商業・仕事のこと

KY 空気読もう

 先日得意先の食堂で食事をしていた時のことである。丁度十一時半ごろであり、店内には他に客が数名いた。自分は余り混まない時間を見計らってきたが、食べ終わる頃には徐々に店内が込んで来た。十二時前の時刻で既に三分の二の席は埋まっていた。幸いなかなか繁盛しているみたいだ。忙しそうに働く店主を見ながら食後の一服をすると一際幸せな気分になった。その折、スーツ姿のサラリーマンが一人入ってきた。そろそろ出ようかなと何気なく彼を見ていると、彼は席に着かず厨房の店主の元に入って行った。知り合いのようだが、これから忙しい時間に商談かと少々疑問に思って何気なく眺めていた。その商談が終わったら会計を済ませようかと思っていたところ、穏やかな店主が少々苛立った声で「そんな話は後にしてくれないか」と。二十代後半らしき男は厨房を飛び出し、挨拶もせず店を出て行った。勘定を済ませていると店主が「いきなり来て材料を買ってくれって、この時間に」と苦笑していた。

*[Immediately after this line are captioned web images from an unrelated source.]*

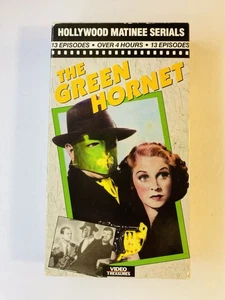The Green Hornet (VHS, 1993) 13 Episodes - Picture 1 of 4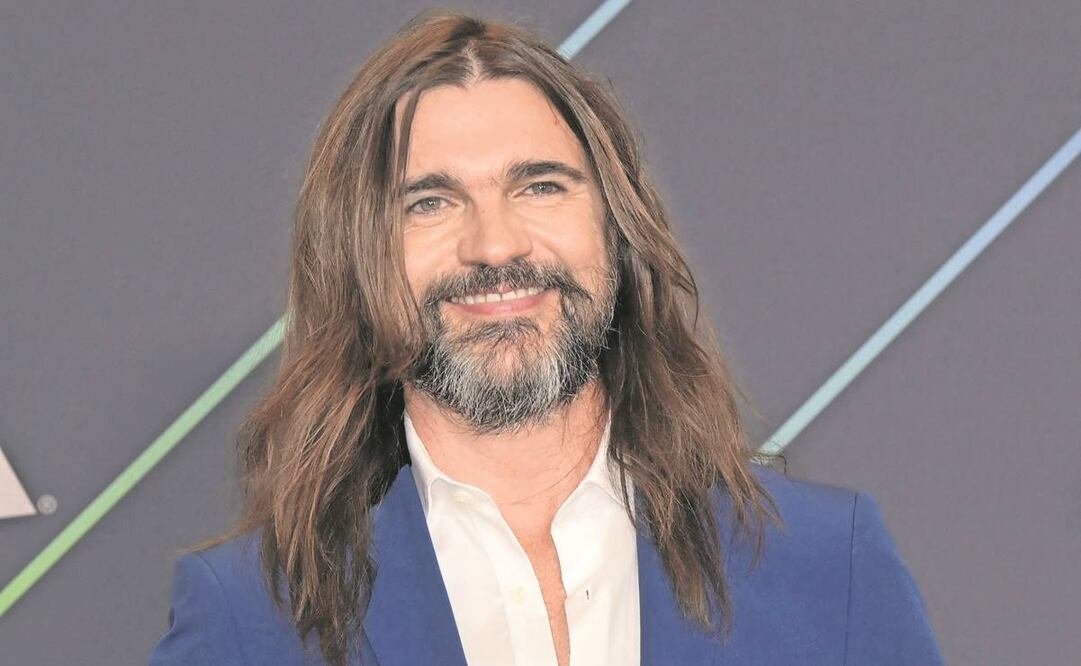 Juanes. Foto: Archivo 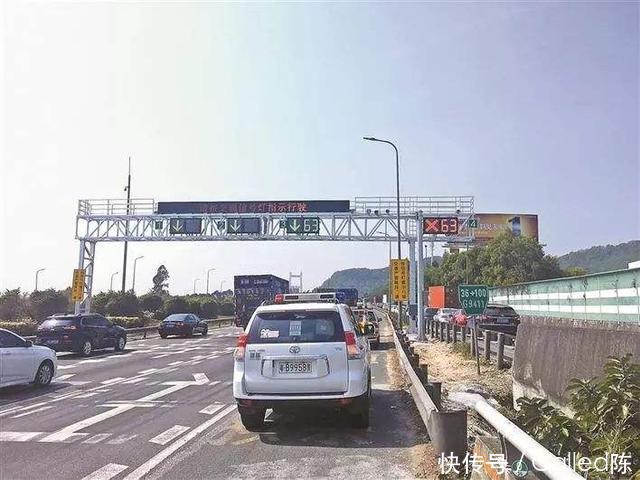 春运堵成狗!虎门大桥时速仅10km\/h,还不如走路
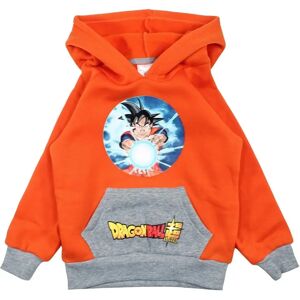 Sweatshirt Enfant Dragon Ball Z - Orange - Pullover - Publicité Sweatshirt Enfant Dragon Ball Z - Orange - Pullover - Publicité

 KYと言う言葉が一昔前に流行ったが、このセールスマンは一体何を考えていたのだろうか。食材に余程の自信を持っていたのだろうか。成績で頭が一杯だったのだろうか。何れにせよ、食堂が昼に忙しいことは食材を扱う業者ならば常識だろう。その時間にのこのこ現れるだけでも驚きだ。まして、店主が慌しく働いている状況でセールスが始められるものだろうか。注文でてんてこ舞の状況、一体どんな商談をするつもりだったのだろうか。ある意味で興味が湧くほどだが。もっとも貴重な昼休みに訪れている客がそんな商談許すはずがない。
 相手の気持ちを慮らなければ商談以前の段階で相手に不愉快な思いをさせる。たとえどんなに良い食材であっても、どんなにリーズナブルな物であっても、宝の持ち腐れになってしまう。会社の評判を落とすことすらありえることだ。恐ろしいことである。その業者が悪徳業者ならいざ知らず、もし本当に優れた食材を扱う業者ならば本当に損失だ。彼本人は営業成績を上げられず、会社は売上を得ず、店主は良い食材を失い、そしてエンドユーザーのお客さんも安くて美味い食材を食べ損なうことになってしまう。商談の時間を間違えただけで全て台無しになってしまった。
 どうもえらそうなことを述べてきた。だが、わが身を振り返ってどうだろうか。長年営業に携わっている自分自身、大なり小なりこのようなことをして来ただろう。自分自身が気付いていない過ちと言うのが今更恐ろしく感じられる。だが徒に恐れていても始まらない。交渉と言うものは人間対人間の行為であって、人間である以上相手のことを慮るしか道はないだろう。誠心誠意ということをあらためて痛感した出来事だった。